Written by Danielle Chiriguayo, produced by Nihar Patel

Starting next year, Californians will be able to sue anyone who imports, distributes, manufactures, or sells illegal guns in the state. Photo by Shutterstock.

Californians will be able to sue anyone who imports, distributes, manufactures, or sells illegal guns in the state starting in January 2023. Governor Gavin Newsom signed SB-1327 into law on July 22, and it applies to assault rifles, high-caliber rifles, and so-called ghost guns. Nearly 30% of guns recovered by federal law enforcement are ghost guns, which are untraceable. 
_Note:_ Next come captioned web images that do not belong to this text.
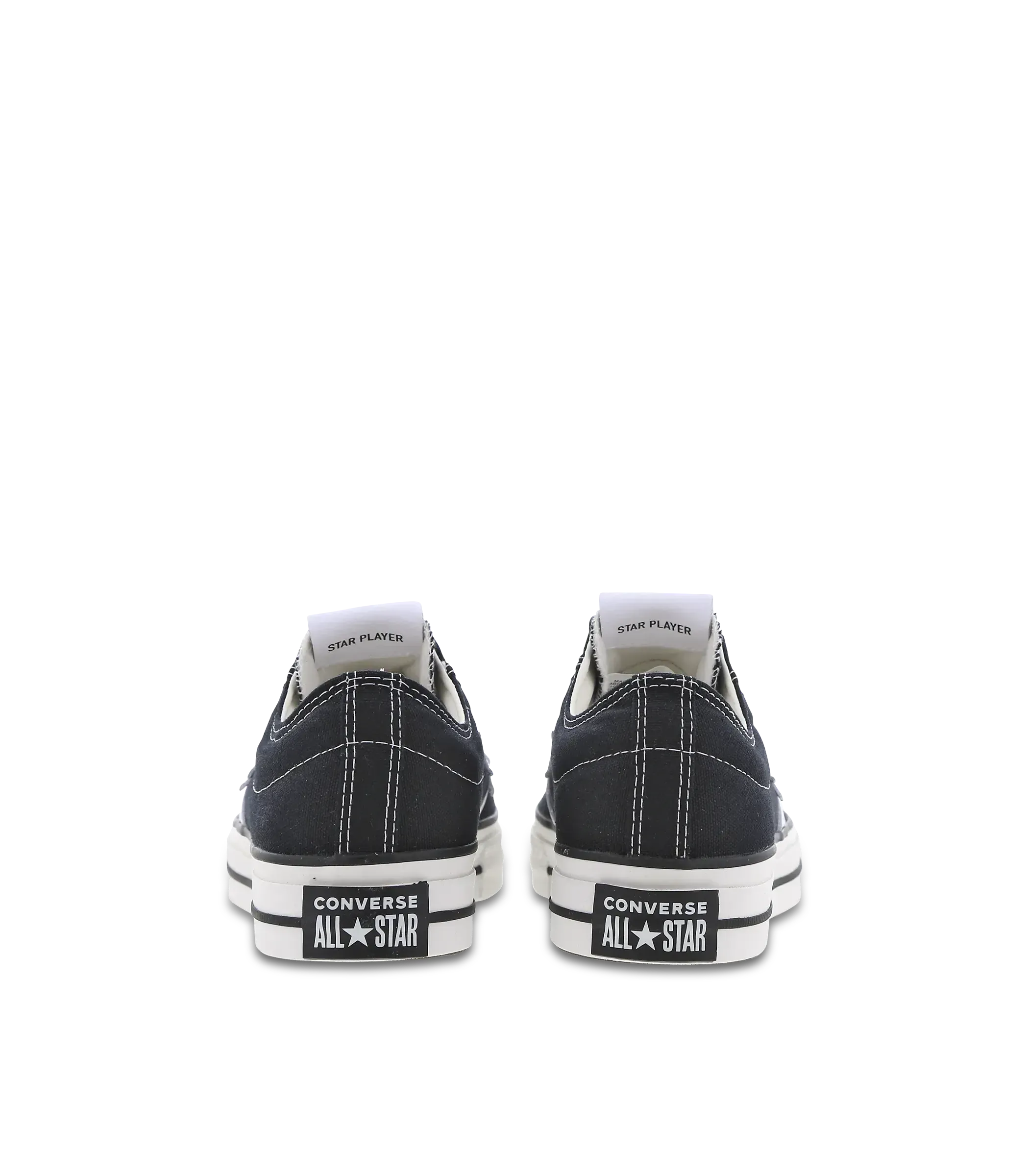 Converse Star Player 76 - Imagen 17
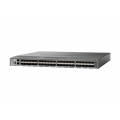 HPE StoreFabric SN6010C Fibre Channel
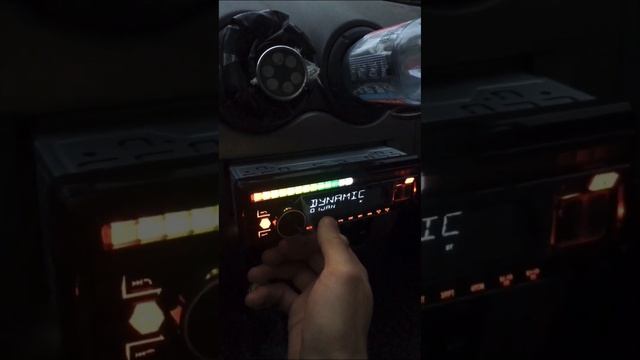 Обзор Процессорная магнитола пионер со светомузыкой 878dsp pioneer Авито. Доставка смотреть онлайн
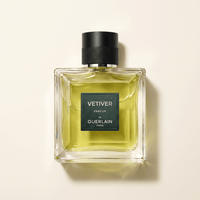 Guerlain Guerlain Vetiver Eau de Toilette Parfym za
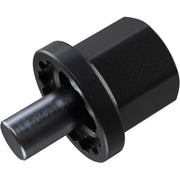 Shimano-Spares-TL-LR021-lock-ring-tool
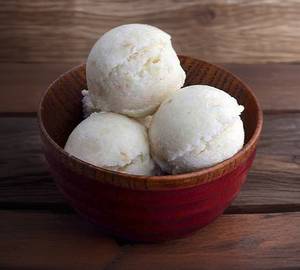 Custard apple natural(seasonal)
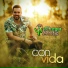 Chega Mais feat. Norberto Curvêllo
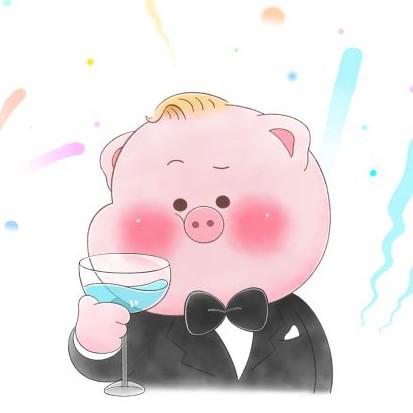 웜매나 프로필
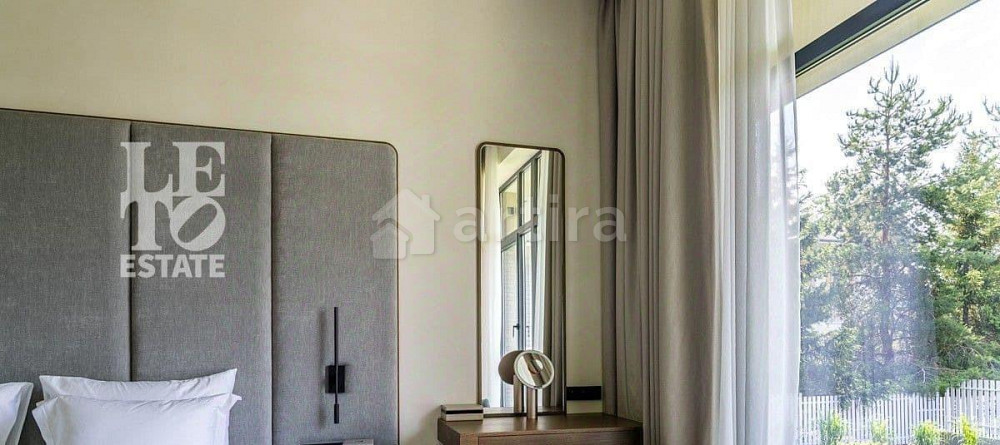 Дом, 342 м2, 19.17 сотки, 1 эт. Дмитров - изображение 5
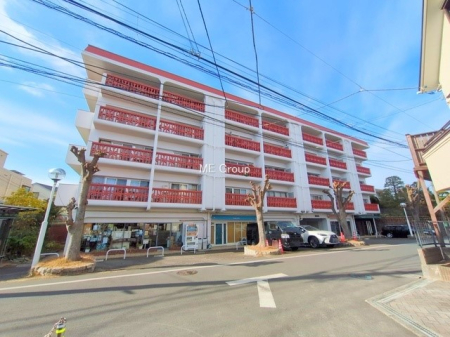 ���n�O�ώʐ^ �O��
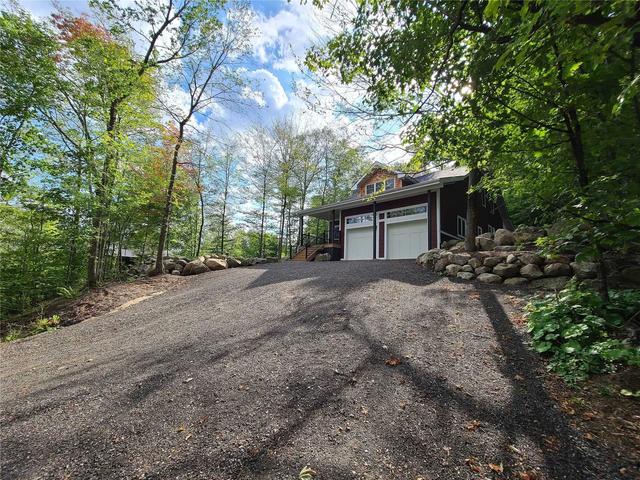 39 Todholm Dr, House detached with 3 bedrooms, 3 bathrooms and 6 parking in Muskoka Lakes ON | Image 34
This new law is modeled after Texas’ abortion law that allows private citizens to sue anyone who aids and abets illegal abortions in the state. The U.S. Supreme Court upheld that Texas legislation earlier this year. 

Newsom is trying to challenge the legal limits of the high court by signing SB-1327 into law, says Jeremy White, Politico’s California politics reporter.

“The governor here is essentially issuing a challenge to the U.S. Supreme Court. He will talk about this law bolstering public safety and imposing more restrictions on guns,” he tells KCRW. “This law is very clearly aimed both at the U.S. Supreme Court in terms of forcing them to defend their legal strategy and more broadly at states like Texas that are passing new abortion restrictions.” 

He adds that Newsom has a history of using conservative states and their politics to show off how liberal California is and generate press and publicity in the process. 

“The governor has always relied on using red states as foils to emphasize his agenda [and] California's agenda and essentially say, ‘You don't want to be like these guys. You want to be proudly progressive California,” he explains. “He’s doing what he has always done. … And if that sets you up for a presidential run, great. If not, I think it still benefits his larger project.”